# What does convergence in distribution "in the Gromov–Hausdorff" sense mean?

I am trying to understand this survey article by Le Gall on Brownian geometry, especially the statement of Theorem 1.

The basic statement of the theorem is $$(m_n,d_n) \to (m_{\infty}, d_{\infty})$$ "in the Gromov–Hausdorff sense" as $$n \to \infty$$, where the convergence is in distribution.

Here $$(m_n,d_n)$$ and $$(m_{\infty},d_{\infty})$$ are both random compact metric spaces. So how do we interpret this? We might hope for a statement along the lines of the following.

For every compact metric space $$(X,d)$$ and $$R > 0$$, we have $$(*) \, \, \, \mathbb{P} \left[ d_{GH}[ (m_n,d_n), (X,d) ] < R \right] \to \mathbb{P} \left[ d_{GH}[ (m_{\infty},d_{\infty}), (X,d) ] < R \right]$$ as $$n \to \infty$$.

But even when we talk about convergence in distribution for real random variables (instead of compact-metric-space-valued random variables), we have to be careful to restrict our attention to points where the cumulative distribution function is continuous.

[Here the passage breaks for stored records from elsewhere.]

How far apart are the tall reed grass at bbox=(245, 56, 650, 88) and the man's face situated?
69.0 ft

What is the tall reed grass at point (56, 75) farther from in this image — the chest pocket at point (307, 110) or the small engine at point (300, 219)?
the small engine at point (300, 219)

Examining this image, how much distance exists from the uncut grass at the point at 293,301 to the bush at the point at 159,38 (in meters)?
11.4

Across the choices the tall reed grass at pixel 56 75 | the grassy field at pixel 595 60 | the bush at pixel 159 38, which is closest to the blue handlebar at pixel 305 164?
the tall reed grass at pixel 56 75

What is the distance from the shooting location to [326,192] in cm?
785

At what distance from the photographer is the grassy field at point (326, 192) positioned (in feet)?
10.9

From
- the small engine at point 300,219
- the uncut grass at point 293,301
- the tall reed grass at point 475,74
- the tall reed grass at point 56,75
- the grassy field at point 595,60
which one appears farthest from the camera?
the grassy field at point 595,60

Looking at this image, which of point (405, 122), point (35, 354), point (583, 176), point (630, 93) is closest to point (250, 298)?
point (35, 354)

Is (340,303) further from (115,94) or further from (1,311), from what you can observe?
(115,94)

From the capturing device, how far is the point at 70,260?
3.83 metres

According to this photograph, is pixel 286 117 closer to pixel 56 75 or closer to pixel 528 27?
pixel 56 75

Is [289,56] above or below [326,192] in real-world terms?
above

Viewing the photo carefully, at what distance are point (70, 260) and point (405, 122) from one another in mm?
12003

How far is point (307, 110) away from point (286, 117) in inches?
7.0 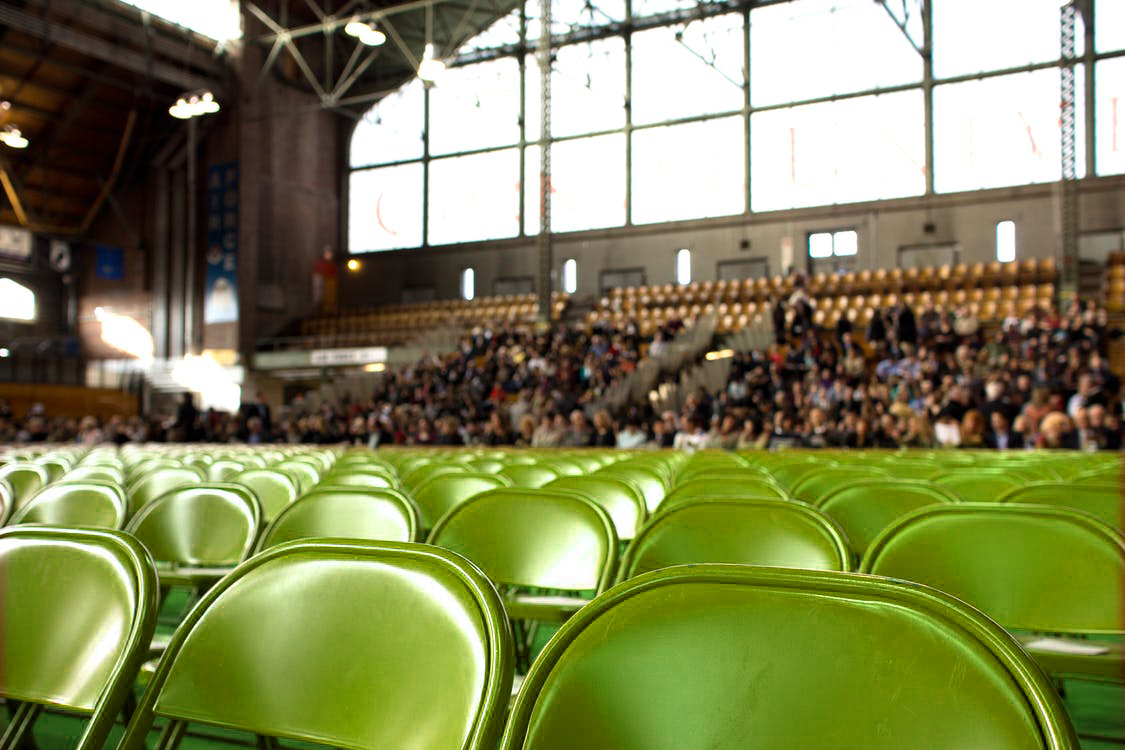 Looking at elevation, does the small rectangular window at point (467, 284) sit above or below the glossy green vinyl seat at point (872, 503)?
above

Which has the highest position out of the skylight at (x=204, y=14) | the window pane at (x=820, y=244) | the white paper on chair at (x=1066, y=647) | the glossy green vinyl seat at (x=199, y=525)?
the skylight at (x=204, y=14)

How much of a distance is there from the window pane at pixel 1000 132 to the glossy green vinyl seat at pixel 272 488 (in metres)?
21.8

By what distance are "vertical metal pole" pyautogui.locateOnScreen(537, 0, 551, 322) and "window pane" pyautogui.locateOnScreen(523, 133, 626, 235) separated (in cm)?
653

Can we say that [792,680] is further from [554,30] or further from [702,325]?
[554,30]

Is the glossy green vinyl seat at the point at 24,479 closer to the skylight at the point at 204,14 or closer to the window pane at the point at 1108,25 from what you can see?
the skylight at the point at 204,14

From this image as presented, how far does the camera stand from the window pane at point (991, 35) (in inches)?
855

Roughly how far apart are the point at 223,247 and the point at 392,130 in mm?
6948

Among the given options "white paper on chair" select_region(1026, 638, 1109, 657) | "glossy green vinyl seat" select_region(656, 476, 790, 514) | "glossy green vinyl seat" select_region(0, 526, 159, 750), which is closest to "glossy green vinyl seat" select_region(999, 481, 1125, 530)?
"white paper on chair" select_region(1026, 638, 1109, 657)

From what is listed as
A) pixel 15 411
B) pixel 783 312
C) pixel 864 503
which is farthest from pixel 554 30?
pixel 864 503

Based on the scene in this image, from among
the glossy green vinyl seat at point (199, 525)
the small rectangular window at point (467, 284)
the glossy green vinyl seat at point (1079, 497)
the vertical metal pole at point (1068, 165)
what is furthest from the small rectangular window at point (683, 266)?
the glossy green vinyl seat at point (199, 525)

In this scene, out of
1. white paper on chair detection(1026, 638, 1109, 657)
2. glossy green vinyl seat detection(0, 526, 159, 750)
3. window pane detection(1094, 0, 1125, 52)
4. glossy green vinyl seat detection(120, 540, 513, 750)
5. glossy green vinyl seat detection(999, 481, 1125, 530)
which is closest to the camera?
glossy green vinyl seat detection(120, 540, 513, 750)

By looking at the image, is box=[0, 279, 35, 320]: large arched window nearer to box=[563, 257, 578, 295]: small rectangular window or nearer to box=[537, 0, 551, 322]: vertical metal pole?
box=[563, 257, 578, 295]: small rectangular window

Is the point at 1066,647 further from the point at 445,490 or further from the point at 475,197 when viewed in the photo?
the point at 475,197

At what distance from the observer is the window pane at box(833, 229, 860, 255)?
941 inches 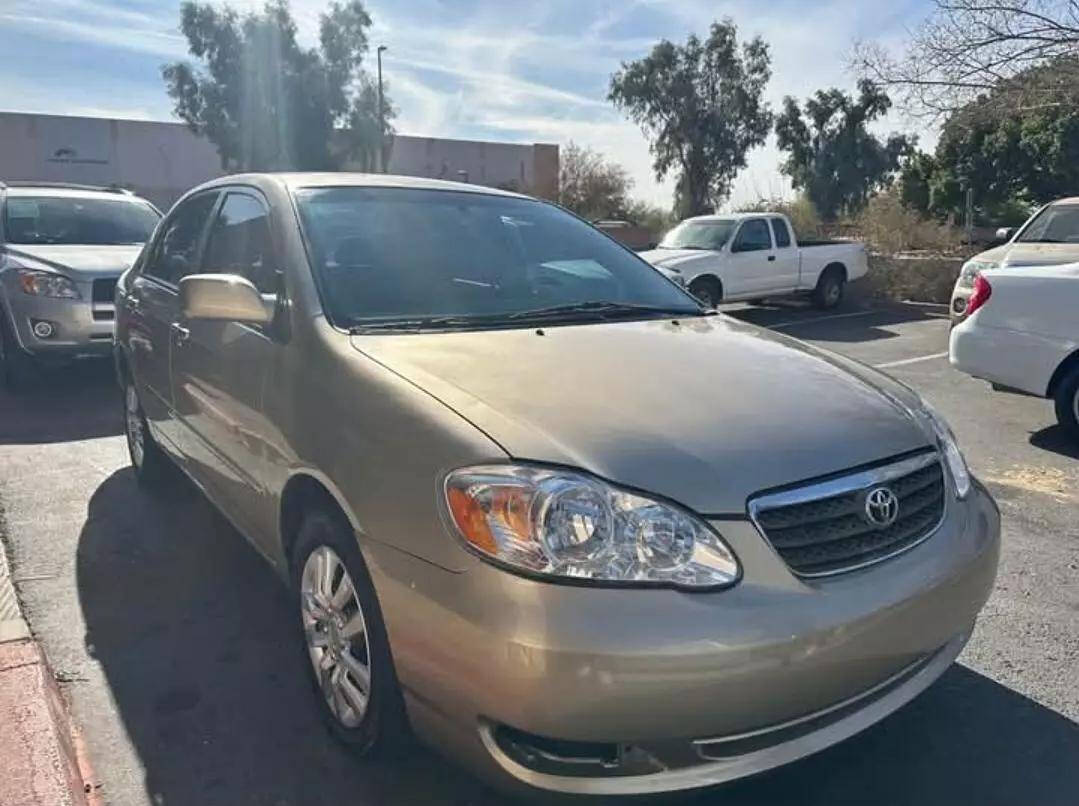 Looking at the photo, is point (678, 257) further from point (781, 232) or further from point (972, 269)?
point (972, 269)

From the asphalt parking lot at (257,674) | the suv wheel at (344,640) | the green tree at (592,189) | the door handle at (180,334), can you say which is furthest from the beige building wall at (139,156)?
the suv wheel at (344,640)

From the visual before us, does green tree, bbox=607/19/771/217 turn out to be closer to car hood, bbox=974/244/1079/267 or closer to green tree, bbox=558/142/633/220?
green tree, bbox=558/142/633/220

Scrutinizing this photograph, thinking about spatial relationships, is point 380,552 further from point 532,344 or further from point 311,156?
point 311,156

So I wonder if (*) is too strong?

Following the notation of the paper, let $$\mathbb{K}$$ be the metric space of all compact metric spaces, equipped with the Gromov-Hausdorff metric $$\mathrm{d_{GH}}$$. Then we can express convergence in distribution in the usual way: for every bounded continuous $$F : \mathbb{K} \to \mathbb{R}$$, we have $$\mathbb{E}[F((m_n, d_n))] \to \mathbb{E}[F((m_\infty, d_\infty))]$$. The portmanteau theorem gives you several other equivalent statements.
In other words, this is just the usual notion of convergence in distribution for random variables taking their values in a metric space $$S$$, where that metric space happens to be $$S = (\mathbb{K}, \mathrm{d_{GH}})$$, the metric space of all compact metric spaces.
In particular, if $$(X,d)$$ is a fixed compact metric space, the function $$\mathrm{d_{GH}}(\cdot, (X,d)) : \mathbb{K} \to \mathbb{R}$$ is a continuous function. So if we let $$Y_n = \mathrm{d_{GH}}((m_n, d_n), (X, d))$$, then the scalar-valued random variables $$Y_n$$ converge in distribution to $$Y$$. So your formula (*) holds, but as you say, only for values of $$R$$ at which the function $$R \mapsto \mathbb{P}[\mathrm{d_{GH}}((m_\infty, d_\infty), (X,d)) < R]$$ is continuous.